Hi,
I am working on 2.0.2-alpha version of Hadoop. I am currently writing my key
value pairs on HDFS in a sequence file. I regularly flush my data using hsync()
because the process that is writing to the file can terminate abruptly. My
requirement is that once my hsync() is successful, my data that was written
before hsync() should still be available.
To ensure this, I carried out a test that killed the process (that was writing
to a SequenceFile) after this process did a hsync(). Now when I read the data
using "hadoop fs -cat" command, I can see the data. But the size of file is 0.
Also, SequenceFile.Reader.next(key, value) returns me false. I read somewhere
that since file was not closed properly its size was not updated with the
namenode and because of the same reason next() returns false.

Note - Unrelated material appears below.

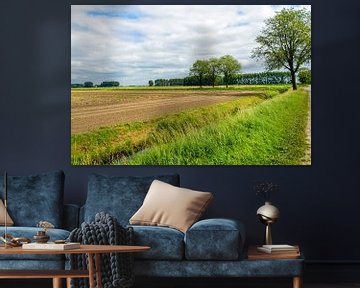 Kleurrijk agrarisch landschap in het zomerseizoen. van Ruud Morijn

To fix this and to enable reading of file using SequenceFile APIs, I opened the
file stream in append mode and then I closed it immediately. This fixed the
size of the file. While doing this, I retry if I receive RecoveryInProgress or
AlreadyBeingCreated exception. Now, I can successfully read data using
SequenceFile.Reader. Following is the code that I am using.
*** WRITE THREAD ***
writer = SequenceFile.createWriter(fs, conf, path, value.getClass(),
value.getClass(), CompressionType.NONE);
writer.append(new Text("India"), new Text("Delhi"));
writer.append(new Text("China"), new Text("Beijing"));
writer.hsync();
// BOOM, FAILURE, PROCESS TERMINATED
*** I expect that India and China Should be available but next returns false***
*** Code to fix the file size ****
while (true) {
try {
FileSystem fs = FileSystem.get(namenodeURI, conf);
Path path = new Path( uri);
FSDataOutputStream open = fs.append(path);
fs.close();
break;
} catch (Recovery In Progress Exception) {
} catch (Already Being Created Exception) {
} catch (Exception) {
break;
}
}
Would it be possible for you to let me know if this approach has any
shortcomings or if there are any other better alternatives available?
Thanks,
Hemant Bhanawat